DATASET SECTION:
_ _ _ _ _ _ _
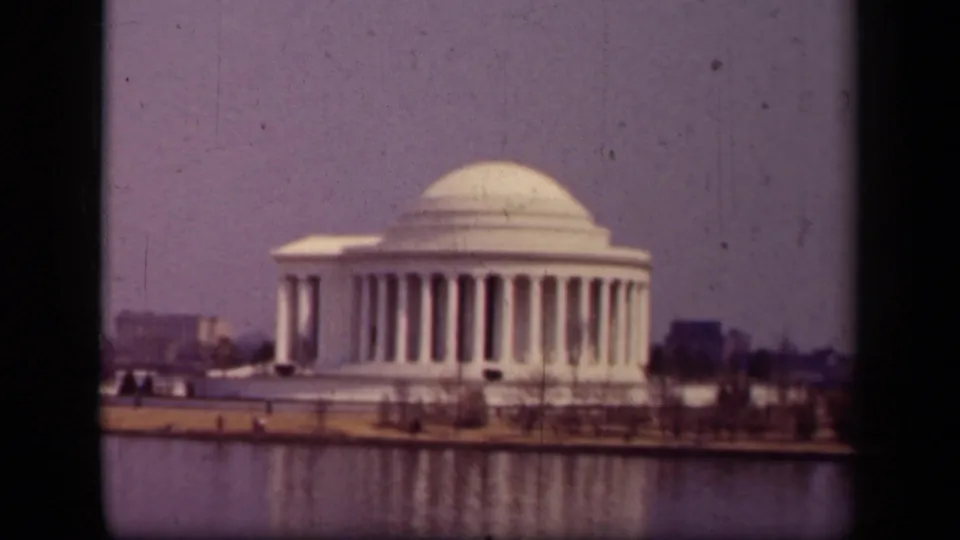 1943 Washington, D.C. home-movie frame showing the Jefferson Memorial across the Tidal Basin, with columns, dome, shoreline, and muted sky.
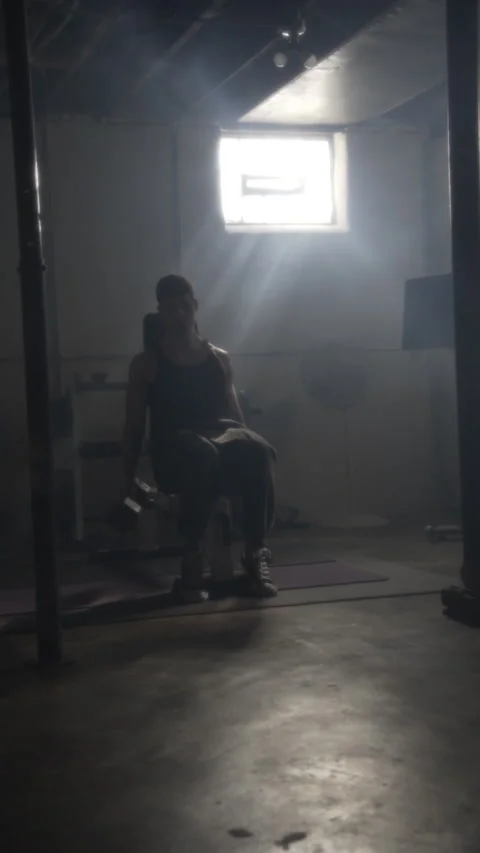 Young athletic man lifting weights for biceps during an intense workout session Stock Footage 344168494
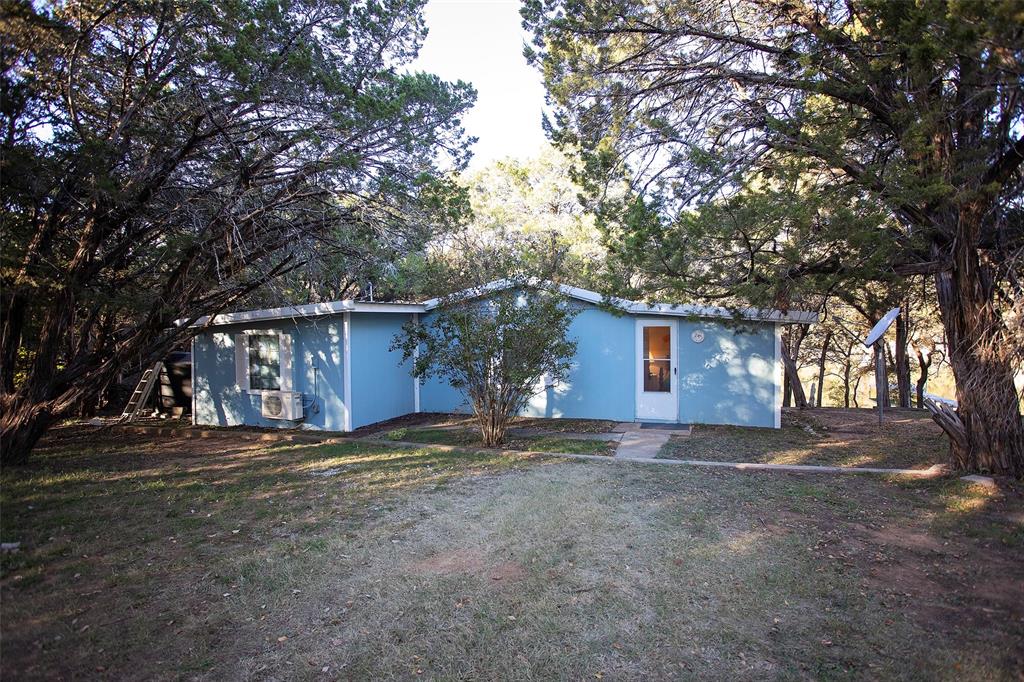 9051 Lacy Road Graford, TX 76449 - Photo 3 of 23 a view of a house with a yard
_ _ _ _ _ _ _
DIRECTIONS FOR THIS TASK: Repeat each line above exactly. The pictures stay out.

WRITTEN RESPONSE:
 1943 Washington, D.C. home-movie frame showing the Jefferson Memorial across the Tidal Basin, with columns, dome, shoreline, and muted sky.
 Young athletic man lifting weights for biceps during an intense workout session Stock Footage 344168494
 9051 Lacy Road Graford, TX 76449 - Photo 3 of 23 a view of a house with a yard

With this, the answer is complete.